I dreamed of a multi-skilled, highly adaptable relief team aboard a self-sufficient support platform that could use 21st Century medical technology, classical medical diagnostics and adaptability to different needs and resources to create long-term health benefits in developing world communities, making a difference one person at a time. Here we are, many months and many days of hard work later, and with many people who helped make this possible now a part of our story, anchored safely in Petit-Goave, Haiti.
For our first mission destination, I chose a tough location—Haiti: more than 800 miles from where we started, with huge challenges facing its people from every possible direction, a couple months after a huge disaster when people are still living in tents but many aid groups have pulled up stakes and moved on. If we could successfully conduct a mission here, I felt confident we could do it anywhere.

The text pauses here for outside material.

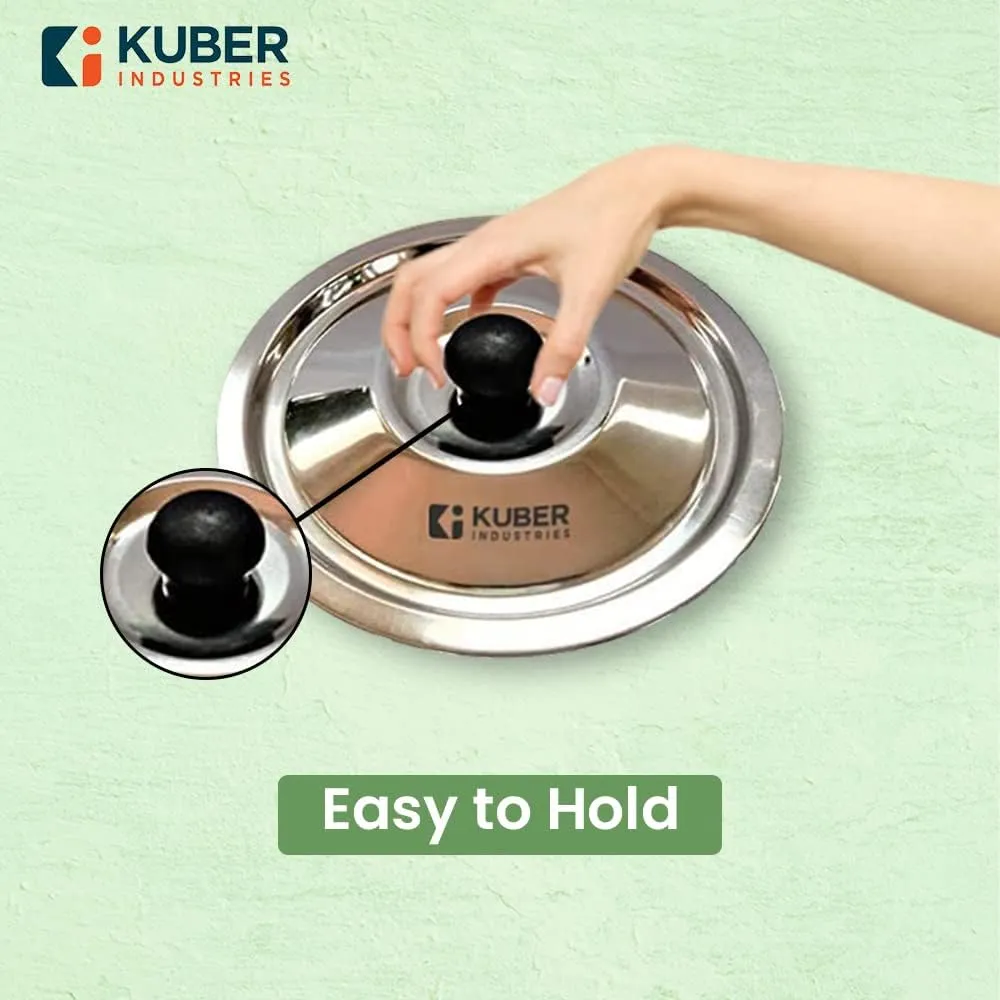 Kuber Industries (Set of 30) Universal Stainless Steel Lids for Utensils with Knob/Handle for Good Grip | Dhakkan Set for Kadai | Pan | Tawa | Pots | Easy to Hold Kitchen Utensils Cover (All Sizes)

May 6 2010. Petit-Goave, Haiti
The sea has no memory.
It blew hard here last night, on the one week anniversary of our time here in Haiti. We spun twice around the anchor in the shifting gales as lightning split the skies and torrential rain washed all the salt and heat from our boat, and dawn showed the clear blue waters of Petit-Goave turned a deep murky green from the mountain and city runoff. Trash floated everywhere as streets poured their refuse into the sea, and I forbade the crew from swimming over the side until the water cleared. I didn’t know how long it would take, but the water off Petit-Goave drops off to over a thousand feet only a half mile from the port, and within two tides we watched the dirty green water sweep out to sea and be replaced with the normally deep blue open ocean water. On the second incoming tide, the water cleared and before the peak we could clearly see the coral and sponges of the reef below us. The sea showed no sign of the storms and rain of the night before, and it rolled on towards the shore as it has for thousands of years .
Thus the sea has no memory. It does not remember the earthquake, it does not remember Haitian independence, it does not remember the greed and corruption that spiraled Haiti down into depression and darkness, it does not remember all the failures and setbacks that have continually plagued Haiti. The tide rolls out, new water rolls in, and the face of the sea remains impassive to all the things that steal hope from a people.
It is amazing how much incident can be packed into each day. The week we have been here has flown by but also feels like a million years ago. Already we have seen so much, and things are not totally what I expected (in some ways things were EXACTLY what I expected). Devastation is everywhere; there is no work, no economy, everyone is hungry, there is nothing to rebuild with, everyone is living in tents…and yet somehow people still get up in the morning and go out to find work or food for their families. It is shocking to me that there are still people here who can have hope—the belief that things tomorrow might be better than today.I have seen Haitians who have literally lain down in the dirt and given up, and I cannot judge them that decision because from where they are standing there seems to be no hope at all. In the face of all we have seen, people still can have hope. From the rubble people try to build normal lives, and from high in the cracked remnants of buildings plants thrust out and reach towards the sun. Life, as Ian Malcolm says in Jurassic Park, cannot be contained. It is a powerful force, and when barriers and challenges are put in front of it, life finds a way. The human spirit is an extraordinary thing and I feel lucky to glimpse a small snapshot of its power, and to have the opportunity to do everything we can to help foster it and encourage its survival. New challenges get thrown up in front of us at every turn—how do you get 20,000 pounds of lumber, building materials and medical supplies through the complicated customs process, off the boat onto the broken,
half sunken pile of rocks that is the Petit-Goave dock?